Try posting here. :thumbsup:


----------



## mattsilkwood (Sep 21, 2008)

drsparky said:


> Those are more like 480s jokes.


 ken cant speak british, can he?


----------



## william1978 (Sep 21, 2008)

drsparky said:


> Those are more like 480s jokes.


 I'll take that as a compliment. Ken normaly has some funny jokes.:thumbup:


----------



## drsparky (Nov 13, 2008)

william1978 said:


> I'll take that as a compliment. Ken normaly has some funny jokes.:thumbup:


Yes, good jokes and visual aides. He know a little about the electrical business too!


----------



## william1978 (Sep 21, 2008)

drsparky said:


> Yes, good jokes and visual aides. He know a little about the electrical business too!


 I agree. I like visual aides. Its about time for one I think.:whistling2:


----------



## Joe Tedesco (Mar 25, 2007)

thegooner said:


> hi all,please can someone help.i am 17th qualified and just done 2392-10.do not quite understand what these allow me to do,ie inspection and testing,minor works certificates,certify own work only.really would appreciate your help.


You were describing this subject 

This covers Part 6 of BS 7671 and IEE Guidance Note 3 

I am sure that those who are familiar will help you here with their understanding of what you can do. We deal with both of the publications mentioned above.


----------



## 480sparky (Sep 20, 2007)

mattsilkwood said:


> ken cant speak british, can he?


No, just directing the OP to a forum that more suited for his question........ where the Brits hang out.

There may well be some members from across the pond who read nothing but that forum as most of what we do does not affect them.







Oh, and technically, it's "the Queens' English".


----------



## Docara (May 6, 2009)

Just to make the point guys and to stop you taking the piss - read the title of the forum "UK Electrical......" this means it refers to THE UK !!!!!

Docara

P.S. THEGOONER ain't thise 5 day sparky courses great!!!!!!!


----------



## MDShunk (Jan 7, 2007)

Docara said:


> Just to make the point guys and to stop you taking the piss - read the title of the forum "UK Electrical......" this means it refers to THE UK !!!!!

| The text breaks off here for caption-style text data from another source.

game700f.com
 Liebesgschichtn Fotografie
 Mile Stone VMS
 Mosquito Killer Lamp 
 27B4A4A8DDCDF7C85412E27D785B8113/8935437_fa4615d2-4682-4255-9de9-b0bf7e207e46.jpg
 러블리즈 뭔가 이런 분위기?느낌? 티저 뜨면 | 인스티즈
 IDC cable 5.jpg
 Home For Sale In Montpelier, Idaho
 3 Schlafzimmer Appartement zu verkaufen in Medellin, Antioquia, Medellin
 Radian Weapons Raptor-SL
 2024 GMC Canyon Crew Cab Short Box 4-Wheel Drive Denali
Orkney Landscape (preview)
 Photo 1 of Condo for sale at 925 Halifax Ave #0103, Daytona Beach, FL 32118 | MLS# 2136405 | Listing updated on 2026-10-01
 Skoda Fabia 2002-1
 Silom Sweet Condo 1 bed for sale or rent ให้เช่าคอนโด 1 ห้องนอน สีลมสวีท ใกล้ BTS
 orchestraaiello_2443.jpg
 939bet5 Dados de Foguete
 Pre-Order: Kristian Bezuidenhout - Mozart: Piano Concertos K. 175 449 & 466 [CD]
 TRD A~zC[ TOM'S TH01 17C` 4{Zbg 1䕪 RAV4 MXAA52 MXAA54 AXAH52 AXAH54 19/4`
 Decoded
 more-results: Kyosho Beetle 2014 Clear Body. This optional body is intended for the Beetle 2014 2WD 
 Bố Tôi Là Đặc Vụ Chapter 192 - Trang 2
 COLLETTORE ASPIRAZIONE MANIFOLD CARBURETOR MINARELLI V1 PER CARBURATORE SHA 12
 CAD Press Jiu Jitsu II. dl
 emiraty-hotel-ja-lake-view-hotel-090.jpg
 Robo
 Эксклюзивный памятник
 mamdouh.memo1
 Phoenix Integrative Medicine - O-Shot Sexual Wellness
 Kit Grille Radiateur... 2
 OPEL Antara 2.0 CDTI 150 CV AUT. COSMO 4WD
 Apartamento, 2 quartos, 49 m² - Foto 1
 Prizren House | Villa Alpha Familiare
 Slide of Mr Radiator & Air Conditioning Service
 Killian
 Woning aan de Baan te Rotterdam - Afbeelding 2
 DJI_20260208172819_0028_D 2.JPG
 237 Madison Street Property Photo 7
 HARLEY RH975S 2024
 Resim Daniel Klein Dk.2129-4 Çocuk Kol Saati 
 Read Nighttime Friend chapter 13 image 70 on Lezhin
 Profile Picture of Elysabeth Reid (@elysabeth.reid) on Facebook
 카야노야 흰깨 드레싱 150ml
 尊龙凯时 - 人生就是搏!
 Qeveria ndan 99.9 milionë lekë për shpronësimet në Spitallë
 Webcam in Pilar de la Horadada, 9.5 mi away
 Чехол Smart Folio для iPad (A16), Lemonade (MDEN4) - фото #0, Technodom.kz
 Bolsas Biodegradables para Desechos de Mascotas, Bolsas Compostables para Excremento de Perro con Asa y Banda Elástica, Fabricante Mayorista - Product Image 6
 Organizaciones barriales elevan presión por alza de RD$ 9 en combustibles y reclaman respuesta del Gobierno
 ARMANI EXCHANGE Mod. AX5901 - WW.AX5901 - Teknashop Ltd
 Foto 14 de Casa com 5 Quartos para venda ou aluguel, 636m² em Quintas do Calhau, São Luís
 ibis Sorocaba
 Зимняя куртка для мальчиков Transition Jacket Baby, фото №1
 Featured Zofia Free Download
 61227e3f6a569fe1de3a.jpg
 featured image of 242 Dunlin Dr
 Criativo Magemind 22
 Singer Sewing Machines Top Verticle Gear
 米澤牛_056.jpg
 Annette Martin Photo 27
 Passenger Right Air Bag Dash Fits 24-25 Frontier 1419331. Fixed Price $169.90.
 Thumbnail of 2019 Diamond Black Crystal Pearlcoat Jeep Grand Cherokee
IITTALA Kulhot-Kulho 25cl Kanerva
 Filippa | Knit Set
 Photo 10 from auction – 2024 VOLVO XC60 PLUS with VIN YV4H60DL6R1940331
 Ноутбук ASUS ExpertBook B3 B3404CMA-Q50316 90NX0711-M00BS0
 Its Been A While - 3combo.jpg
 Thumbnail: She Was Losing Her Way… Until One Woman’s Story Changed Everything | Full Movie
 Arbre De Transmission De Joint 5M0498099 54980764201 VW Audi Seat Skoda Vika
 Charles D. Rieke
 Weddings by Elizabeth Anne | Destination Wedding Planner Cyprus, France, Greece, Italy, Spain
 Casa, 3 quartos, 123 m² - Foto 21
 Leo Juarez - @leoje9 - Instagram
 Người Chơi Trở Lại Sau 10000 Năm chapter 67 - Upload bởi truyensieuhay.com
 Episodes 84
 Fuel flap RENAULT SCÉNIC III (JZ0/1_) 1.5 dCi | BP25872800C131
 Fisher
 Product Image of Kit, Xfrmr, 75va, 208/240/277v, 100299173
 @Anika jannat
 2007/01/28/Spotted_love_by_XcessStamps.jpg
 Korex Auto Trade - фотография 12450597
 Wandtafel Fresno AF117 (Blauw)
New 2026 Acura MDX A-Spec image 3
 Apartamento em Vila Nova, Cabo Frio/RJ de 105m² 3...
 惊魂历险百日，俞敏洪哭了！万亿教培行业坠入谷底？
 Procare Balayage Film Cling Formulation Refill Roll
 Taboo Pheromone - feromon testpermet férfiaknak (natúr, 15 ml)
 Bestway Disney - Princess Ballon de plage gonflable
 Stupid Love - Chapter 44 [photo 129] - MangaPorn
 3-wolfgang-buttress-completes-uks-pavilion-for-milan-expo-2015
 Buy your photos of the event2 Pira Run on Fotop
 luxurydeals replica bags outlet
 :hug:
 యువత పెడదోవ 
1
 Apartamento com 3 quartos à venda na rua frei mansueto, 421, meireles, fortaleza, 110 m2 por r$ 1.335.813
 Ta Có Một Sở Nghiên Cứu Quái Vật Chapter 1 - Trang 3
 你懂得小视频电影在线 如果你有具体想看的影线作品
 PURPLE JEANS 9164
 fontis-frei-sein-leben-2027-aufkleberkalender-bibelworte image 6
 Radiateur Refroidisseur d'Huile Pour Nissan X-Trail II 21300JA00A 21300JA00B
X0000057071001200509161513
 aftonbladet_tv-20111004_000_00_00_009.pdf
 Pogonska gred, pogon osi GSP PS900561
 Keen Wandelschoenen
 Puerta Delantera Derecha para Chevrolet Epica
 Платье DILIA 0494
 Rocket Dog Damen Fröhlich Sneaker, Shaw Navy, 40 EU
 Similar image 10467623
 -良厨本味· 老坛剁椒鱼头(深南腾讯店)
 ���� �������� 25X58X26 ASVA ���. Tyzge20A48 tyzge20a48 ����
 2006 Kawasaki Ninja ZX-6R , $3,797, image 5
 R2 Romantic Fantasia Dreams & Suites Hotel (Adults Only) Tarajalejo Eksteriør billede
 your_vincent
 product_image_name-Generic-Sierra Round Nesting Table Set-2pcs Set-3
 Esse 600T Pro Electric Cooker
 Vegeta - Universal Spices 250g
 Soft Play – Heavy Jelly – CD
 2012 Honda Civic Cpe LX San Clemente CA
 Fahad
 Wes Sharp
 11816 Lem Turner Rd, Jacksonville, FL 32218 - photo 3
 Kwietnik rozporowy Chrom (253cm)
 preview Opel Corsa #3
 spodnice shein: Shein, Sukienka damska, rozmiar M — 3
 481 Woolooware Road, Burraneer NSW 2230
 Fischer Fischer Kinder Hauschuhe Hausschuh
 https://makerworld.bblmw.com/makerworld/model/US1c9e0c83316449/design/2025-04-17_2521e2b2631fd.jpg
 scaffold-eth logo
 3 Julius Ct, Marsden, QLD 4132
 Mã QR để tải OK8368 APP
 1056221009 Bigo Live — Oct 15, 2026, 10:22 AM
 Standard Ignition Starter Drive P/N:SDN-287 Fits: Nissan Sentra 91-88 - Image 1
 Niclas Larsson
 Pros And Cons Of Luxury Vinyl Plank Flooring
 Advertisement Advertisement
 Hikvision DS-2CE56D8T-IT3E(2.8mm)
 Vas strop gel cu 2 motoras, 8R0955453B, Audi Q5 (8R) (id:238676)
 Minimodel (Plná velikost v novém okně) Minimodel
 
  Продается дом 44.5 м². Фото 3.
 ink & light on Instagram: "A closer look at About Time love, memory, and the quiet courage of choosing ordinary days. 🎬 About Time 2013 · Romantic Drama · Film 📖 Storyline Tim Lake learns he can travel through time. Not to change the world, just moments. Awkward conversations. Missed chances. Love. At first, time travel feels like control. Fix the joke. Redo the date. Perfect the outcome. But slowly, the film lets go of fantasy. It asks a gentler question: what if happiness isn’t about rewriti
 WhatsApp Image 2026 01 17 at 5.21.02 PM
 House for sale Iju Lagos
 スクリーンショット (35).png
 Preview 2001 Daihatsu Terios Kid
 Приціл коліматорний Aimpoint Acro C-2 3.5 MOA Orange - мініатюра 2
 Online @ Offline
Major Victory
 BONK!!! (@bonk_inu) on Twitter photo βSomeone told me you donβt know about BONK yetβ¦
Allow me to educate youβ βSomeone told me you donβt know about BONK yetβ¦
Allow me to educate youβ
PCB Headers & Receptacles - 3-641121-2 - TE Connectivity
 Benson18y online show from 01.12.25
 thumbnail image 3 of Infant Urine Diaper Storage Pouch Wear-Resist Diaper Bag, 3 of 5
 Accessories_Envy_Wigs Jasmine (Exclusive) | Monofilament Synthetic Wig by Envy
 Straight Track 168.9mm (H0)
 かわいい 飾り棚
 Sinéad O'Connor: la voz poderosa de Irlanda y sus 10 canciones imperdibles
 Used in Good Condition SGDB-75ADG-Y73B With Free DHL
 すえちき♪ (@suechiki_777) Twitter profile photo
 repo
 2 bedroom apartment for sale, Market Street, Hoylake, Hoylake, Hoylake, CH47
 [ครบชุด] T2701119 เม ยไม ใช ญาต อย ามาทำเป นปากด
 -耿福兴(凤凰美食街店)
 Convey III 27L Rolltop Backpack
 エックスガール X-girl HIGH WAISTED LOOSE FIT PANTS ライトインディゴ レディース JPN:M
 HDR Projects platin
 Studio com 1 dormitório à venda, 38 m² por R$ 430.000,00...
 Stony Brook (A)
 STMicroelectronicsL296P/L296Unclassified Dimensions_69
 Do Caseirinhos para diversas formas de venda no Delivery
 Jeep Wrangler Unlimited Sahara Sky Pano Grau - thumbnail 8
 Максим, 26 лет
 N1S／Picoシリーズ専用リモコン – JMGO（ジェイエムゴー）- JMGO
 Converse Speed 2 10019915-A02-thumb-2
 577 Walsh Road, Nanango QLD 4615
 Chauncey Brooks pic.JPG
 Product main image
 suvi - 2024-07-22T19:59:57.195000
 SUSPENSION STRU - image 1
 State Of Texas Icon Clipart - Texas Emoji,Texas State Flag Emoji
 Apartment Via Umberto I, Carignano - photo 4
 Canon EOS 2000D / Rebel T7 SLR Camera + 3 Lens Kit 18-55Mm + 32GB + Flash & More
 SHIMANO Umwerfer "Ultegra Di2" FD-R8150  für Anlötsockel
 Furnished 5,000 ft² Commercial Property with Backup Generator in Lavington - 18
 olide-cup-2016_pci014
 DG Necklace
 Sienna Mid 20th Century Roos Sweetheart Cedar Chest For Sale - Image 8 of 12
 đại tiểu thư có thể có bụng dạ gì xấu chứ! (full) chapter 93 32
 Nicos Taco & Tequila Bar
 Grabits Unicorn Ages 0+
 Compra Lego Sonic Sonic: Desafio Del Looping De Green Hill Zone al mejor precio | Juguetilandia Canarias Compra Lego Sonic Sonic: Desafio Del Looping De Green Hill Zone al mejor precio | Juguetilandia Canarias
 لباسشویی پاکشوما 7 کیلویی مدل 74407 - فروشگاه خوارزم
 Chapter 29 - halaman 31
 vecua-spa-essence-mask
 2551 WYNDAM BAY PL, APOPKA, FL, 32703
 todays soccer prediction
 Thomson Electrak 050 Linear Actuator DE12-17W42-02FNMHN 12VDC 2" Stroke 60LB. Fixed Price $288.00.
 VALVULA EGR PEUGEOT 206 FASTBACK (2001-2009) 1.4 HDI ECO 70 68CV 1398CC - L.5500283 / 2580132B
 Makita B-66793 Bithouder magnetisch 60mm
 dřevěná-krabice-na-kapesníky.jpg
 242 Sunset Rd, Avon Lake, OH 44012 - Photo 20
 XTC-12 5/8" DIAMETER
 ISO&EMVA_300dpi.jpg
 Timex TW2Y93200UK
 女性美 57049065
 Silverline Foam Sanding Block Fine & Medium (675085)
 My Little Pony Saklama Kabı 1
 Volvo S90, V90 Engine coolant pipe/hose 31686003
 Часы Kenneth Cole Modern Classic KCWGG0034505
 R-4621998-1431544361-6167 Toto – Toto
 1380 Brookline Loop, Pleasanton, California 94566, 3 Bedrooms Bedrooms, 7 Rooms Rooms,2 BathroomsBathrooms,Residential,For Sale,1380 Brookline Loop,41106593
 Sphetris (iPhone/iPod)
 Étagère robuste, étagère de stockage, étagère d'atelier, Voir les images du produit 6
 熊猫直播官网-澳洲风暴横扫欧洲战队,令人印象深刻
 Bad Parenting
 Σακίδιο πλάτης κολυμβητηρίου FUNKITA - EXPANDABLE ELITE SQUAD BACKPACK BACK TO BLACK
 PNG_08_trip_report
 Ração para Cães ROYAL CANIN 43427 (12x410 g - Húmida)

Yeah, I moved it here the other day. It was in one of the US forum areas.


----------



## Docara (May 6, 2009)

AH!!!!!

That explains a lot - Gets a quick ticket and doesn't know what to do with it then asks a question in the wrong place. 

Many sorries MD for the tone of the post I was too harsh in light of your reply.

Matt


----------



## ohm-my-god (Sep 5, 2009)

*2392*



thegooner said:


> hi all,please can someone help.i am 17th qualified and just done 2392-10.do not quite understand what these allow me to do,ie inspection and testing,minor works certificates,certify own work only.really would appreciate your help.


this qualification i believe allows you to register with a regulatory body such as the NICEIC, you will then be able to certify domestic work of any sort. hope this helps?

AFC forever.


----------